私の計算が正しければ・・・
私はとんでもないことに気付いてしまった。
「私の計算が正しければ…。あと三十分後に家で点けっぱなしにしているコタツから火の手が上がる」
まさかとは思った。まさかと思って計算してみたらこの結果である。
「なんということだ」
「教授、お時間です」
私の生徒の一人がドアを勢いよく開けて入って来た。
「先生、やっぱり先生はさすがです。タイムマシンがまさか21世紀に完成するなんて」
「ふっ」
やはり私は天才だ。南半球の脳と呼ばれるテルミンですら私が今まさに緊急状態にいることに気付かないのだから。計算すればすぐに出るというのに。ちなみに私はテルミンが実は浮気していることをすでに計算により導きだしている。

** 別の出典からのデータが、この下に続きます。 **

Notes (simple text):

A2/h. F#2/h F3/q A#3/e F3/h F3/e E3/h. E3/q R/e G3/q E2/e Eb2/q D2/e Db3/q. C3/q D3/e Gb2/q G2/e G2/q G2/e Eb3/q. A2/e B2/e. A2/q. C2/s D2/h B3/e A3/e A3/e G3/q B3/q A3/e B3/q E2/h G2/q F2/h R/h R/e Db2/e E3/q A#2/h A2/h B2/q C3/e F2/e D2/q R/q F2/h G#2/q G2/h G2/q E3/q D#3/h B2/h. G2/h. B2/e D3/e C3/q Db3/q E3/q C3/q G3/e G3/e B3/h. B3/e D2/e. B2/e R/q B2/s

「いやあ、パチンコばっかり行ってるただのおっさんだと思ってましたよ」
黙れ。それ以上私を侮辱すると私が編み出した法則を「テルミン浮気の法則」として学会で発表するぞ。
「テルミン、気付かないのか。私は今非常に切迫した状況にいるのだ」
「えっ」
コーヒーをすすりながらちらりとテルミンを見る。ふふ、お前には分かるまい。
「まさか、奥さんが今役所に離婚届けを取りに行っていることですか…。」
テルミンはそわそわしている。
「あ、ああそうだな。それもあるが」
何だと、こいつやはり只者ではない。私より先にそのことに気付くとは。二秒ほど計算してみたが、ううむテルミンの言うとおりだ。

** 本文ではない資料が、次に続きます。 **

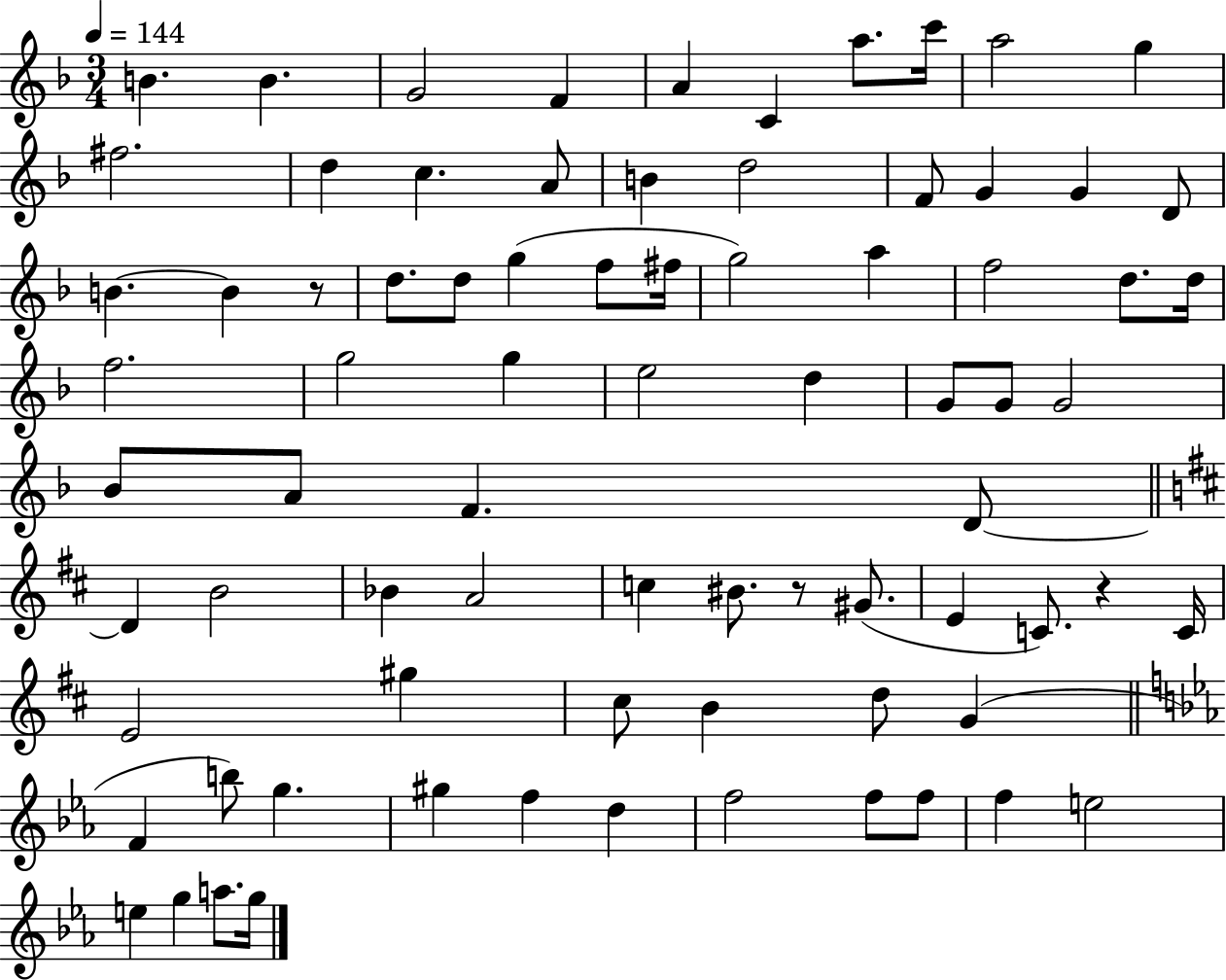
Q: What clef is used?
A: treble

「大丈夫ですよ。奥さんが今日の発表を見て先生にまだ利用価値があると判断するようにすれば三割五厘近く回復します。それより先生、一体なにがあったんですか」
なんとも理論武装なアドバイスだ。的確ではあるが。
「実はな」
「娘さんが今夜家に帰らないことは言わなくていいですよ」
「うっ、いやそのことではない。実はな…」
「あ、先生。時間です。早く行かないと」
「いや、実は今すぐ帰らねばならんのだ」
「何言ってるんですか先生。タイムマシンを。人類の夢を。待ち望んでいる世界中の人を置いて何処に行こうっていうのですか」
私は半ば無理やり連れられ、千二百七台のカメラと一万三百五十人の前に立たされた。この中の一体何人が私が今とんでもないことになっていることを知っているだろう。いや、分かるわけがない。こいつらはただ夢が叶うのを待っているだけだ。だが夢を叶えた私には分かる。現実とは無慈悲なものだ。私の計算が正しければテルミンは私の妻と浮気している。
「今、私が導きだした公式によれば……」
私は世界中の人々が見ている前で「テルミン浮気の法則」を説明した。司会者はポカンとしているが冗談と思ったのか言い終わると同時に陽気に喋りだした。
まあ、半分は正解だ。私がみんなを和ませようとしているのだと思ったのだろう。だが、その動機が違うのだよ。ステージ袖にテルミンが真っ青な顔で立っているのが見える。
やはりお前は頭がいい。ただし私の次にな…。